Kerawanan politik uang
itu dipaparkan dalam diskusi akhir tahun ”Konsolidasi Masyarakat Sipil dan
Proyeksi Pemantauan Pilkada 2020”, di Jakarta, Senin (23/12/2019). Diskusi itu
dihadiri Koordinator Nasional JPPR Alwan Ola Riantoby, Peneliti Senior JPPR
Nurlia Dian Paramita, dan anggota Badan Pengawas Pemilu, Mochammad Afifuddin.
Selain itu, hadir pula
Koordinator Nasional JPPR Tahun 2009 Jerry Sumampow dan Koordinator Nasional
JPPR Tahun 2011 Daniel Zuchron sebagai narasumber dalam diskusi itu. Alwan
menyampaikan, perlu dibangun tradisi pendidikan politik agar tercipta pemilih
yang cerdas dan rasional.

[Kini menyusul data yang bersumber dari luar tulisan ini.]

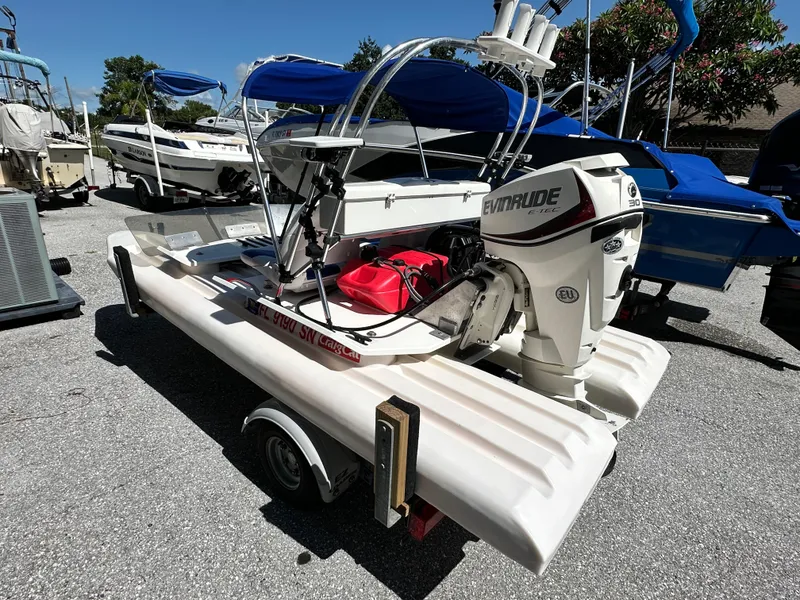 Slide: The Image of 2020 CraigCat E2 Elite with Evinrude motor on trailer, parked outdoors. - 5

Dalam konteks ini, rakyat diharapkan menjadi pelaku
utama yang memberikan pendidikan politik.
”Perlu diingat bahwa
pada rezim pilkada serentak, demokrasi menjadi kelebihan, tetapi menyisakan
persoalan, salah satunya politik uang. Kita pun berharap Pilkada 2020 bisa
menjadi proyeksi untuk memotret dan memangkas jumlah politik uang yang sangat
tinggi,” jelasnya. Sementara itu, tingginya angka partisipasi pemilih dalam
Pemilu 2019, disampaikan Nurlia, ternyata tidak diikuti dengan kesadaran
masyarakat atas siapa yang mereka pilih. Pemilih masih terkooptasi dengan
sistem yang ada sehingga hanya sebatas formalitas.
”Mereka memilih karena
memang harus memilih. Untuk itu, kontrol masyarakat menjadi penting, harus
sadar siapa yang akan dipilih dan tahu benar siapa orangnya,” ujar Nurlia. Jerry
Sumampow pun menyatakan, politik uang dalam pilkada menandakan demokrasi kita
semakin oligarki. Sebab, kekuatan finansial yang kemudian menentukan apakah
bisa terpilih atau tidak. Fokus masyarakat pun dialihkan oleh kekuatan uang
yang dimiliki segelintir elite politik.
”Kalau oligarki
semakin kuat, masyarakat menjadi enggak penting karena hanya akan menjadi
legitimator dalam pemilu ataupun pilkada ke depan. Maka, penting untuk
menyadarkan masyarakat bahwa politik uang tidak akan menyejahterakan,” kata
Jerry.
Konsolidasi sipil
Guna mengatasi politik
uang, konsolidasi masyarakat sipil dalam rangka penguatan kapasitas pemilih
dipandang menjadi mutlak dilakukan. Penguatan kapasitas pemilih, menurut para
narasumber yang hadir, dapat ditempuh dengan menggalang pendidikan politik.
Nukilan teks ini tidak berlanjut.